There is a risk that operating the FGP on-premise solution without a complete assessment of its IT controls could compromise integrity and availability of data in the system.  This may lead to an erosion of trust by the partner organizations, and impact any future cloud-based FGP solution in particular to those stakeholders who may wish to store confidential geospatial data.

Recommendation

Recommendation 5: It is recommended that the ADM, SPRS, ensure that a review of the critical security controls for the existing on-premise FGP solution is completed.

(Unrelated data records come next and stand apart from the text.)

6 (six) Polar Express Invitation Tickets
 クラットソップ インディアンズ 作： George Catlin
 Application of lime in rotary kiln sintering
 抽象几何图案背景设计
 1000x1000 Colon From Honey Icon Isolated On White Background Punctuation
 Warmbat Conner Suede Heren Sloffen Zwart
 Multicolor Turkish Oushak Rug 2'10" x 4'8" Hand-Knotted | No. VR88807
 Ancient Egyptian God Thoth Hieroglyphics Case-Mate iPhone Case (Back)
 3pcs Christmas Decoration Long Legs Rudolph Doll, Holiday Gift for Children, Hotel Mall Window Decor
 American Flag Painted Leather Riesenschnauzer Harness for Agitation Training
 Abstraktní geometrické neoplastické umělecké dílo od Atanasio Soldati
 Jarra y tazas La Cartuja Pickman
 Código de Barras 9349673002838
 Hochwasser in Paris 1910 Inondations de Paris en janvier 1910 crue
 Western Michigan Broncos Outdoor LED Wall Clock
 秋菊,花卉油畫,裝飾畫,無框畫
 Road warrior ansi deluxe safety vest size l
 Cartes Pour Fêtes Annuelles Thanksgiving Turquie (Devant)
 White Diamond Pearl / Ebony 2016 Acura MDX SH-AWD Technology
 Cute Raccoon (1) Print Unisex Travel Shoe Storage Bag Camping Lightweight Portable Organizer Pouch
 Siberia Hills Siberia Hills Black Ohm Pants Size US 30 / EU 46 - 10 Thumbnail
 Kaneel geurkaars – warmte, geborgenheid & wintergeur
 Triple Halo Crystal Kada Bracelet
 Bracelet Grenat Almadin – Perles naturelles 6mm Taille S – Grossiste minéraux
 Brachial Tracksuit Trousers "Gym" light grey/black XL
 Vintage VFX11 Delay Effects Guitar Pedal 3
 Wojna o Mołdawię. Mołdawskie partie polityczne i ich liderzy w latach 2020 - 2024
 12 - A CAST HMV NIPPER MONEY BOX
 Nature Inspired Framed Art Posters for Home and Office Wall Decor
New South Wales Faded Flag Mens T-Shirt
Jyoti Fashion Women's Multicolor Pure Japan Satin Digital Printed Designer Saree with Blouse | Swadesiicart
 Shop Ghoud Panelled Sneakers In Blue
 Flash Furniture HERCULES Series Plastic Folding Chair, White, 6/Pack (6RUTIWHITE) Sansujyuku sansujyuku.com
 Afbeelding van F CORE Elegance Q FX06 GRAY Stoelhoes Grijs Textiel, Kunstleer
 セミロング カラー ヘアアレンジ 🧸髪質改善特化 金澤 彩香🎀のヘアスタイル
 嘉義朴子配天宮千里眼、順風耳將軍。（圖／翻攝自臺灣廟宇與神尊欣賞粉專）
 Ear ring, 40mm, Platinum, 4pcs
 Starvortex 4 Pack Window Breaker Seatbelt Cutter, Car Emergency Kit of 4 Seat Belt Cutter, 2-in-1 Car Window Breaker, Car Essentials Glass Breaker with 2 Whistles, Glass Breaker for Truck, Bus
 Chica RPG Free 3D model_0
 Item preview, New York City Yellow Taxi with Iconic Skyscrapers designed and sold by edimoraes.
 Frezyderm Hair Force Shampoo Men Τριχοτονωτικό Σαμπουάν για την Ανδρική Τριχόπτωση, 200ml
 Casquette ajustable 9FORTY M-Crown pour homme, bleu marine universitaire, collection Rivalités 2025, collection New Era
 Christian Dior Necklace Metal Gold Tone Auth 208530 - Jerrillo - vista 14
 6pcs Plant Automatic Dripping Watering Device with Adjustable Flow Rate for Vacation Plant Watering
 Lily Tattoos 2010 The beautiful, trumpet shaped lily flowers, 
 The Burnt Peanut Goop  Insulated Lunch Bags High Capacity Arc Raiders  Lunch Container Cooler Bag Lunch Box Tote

Management Response and Action Plan

Management agrees with Recommendation 5. 

In response to recommendation 5, the ADM SPRS, and NRCan CIOSB, will ensure that a review of the critical security controls for the existing on-premise FGP solution is completed.

Position responsible: Director of FGP

Timing:  ADM approval of completed review of the critical security controls – December 31, 2019

APPENDIX A – Audit Criteria

The audit objectives and criteria were developed based on the key controls set out in the TB’s Core Management Controls. The criteria guided the fieldwork and formed the basis for the overall audit conclusion.

The objective of the audit was to assess the adequacy and effectiveness of the governance and management processes supporting the administration of the FGP.

Audit Sub-Objectives	Audit Criteria
Audit Sub-Objective 1: To determine whether NRCan has established adequate and effective project management processes for the implementation of the FGP and to inform future horizontally led projects.	1.1 It is expected that a clearly defined project plan was implemented for the FGP project.
	1.2 It is expected that project performance is monitored and reported to senior management to support effective decision making concerning the FGP.
	1.3 It is expected that risks that may preclude the achievement of objectives are identified and formally addressed by management.
	1.4 It is expected that the FGP project team has documented lessons learned to inform future horizontally led projects.
Audit Sub-Objective 2: To determine whether NRCan has established adequate and effective processes to manage partnerships and address stakeholder and user needs.	2.1 It is expected that the FGP project team engages in outreach activities to promote onboarding of new users.
	2.2 It is expected that feedback from partners, users, and stakeholders identify changes to requirements and drive continuous improvement of the platform.
	2.3 It is expected that adequate lines of communication have been established with FGP partners to ensure effective collaboration in achieving program objectives.
	2.4 It is expected that roles and responsibilities for information management are assigned and monitored to support effective management of data throughout the project lifecycle.
Audit Sub-Objective 3: To determine whether NRCan has effectively managed information technology to support the FGP.	3.1 It is expected that plans to effectively manage information technology have been developed and implemented with a view of achieving the objectives of the FGP.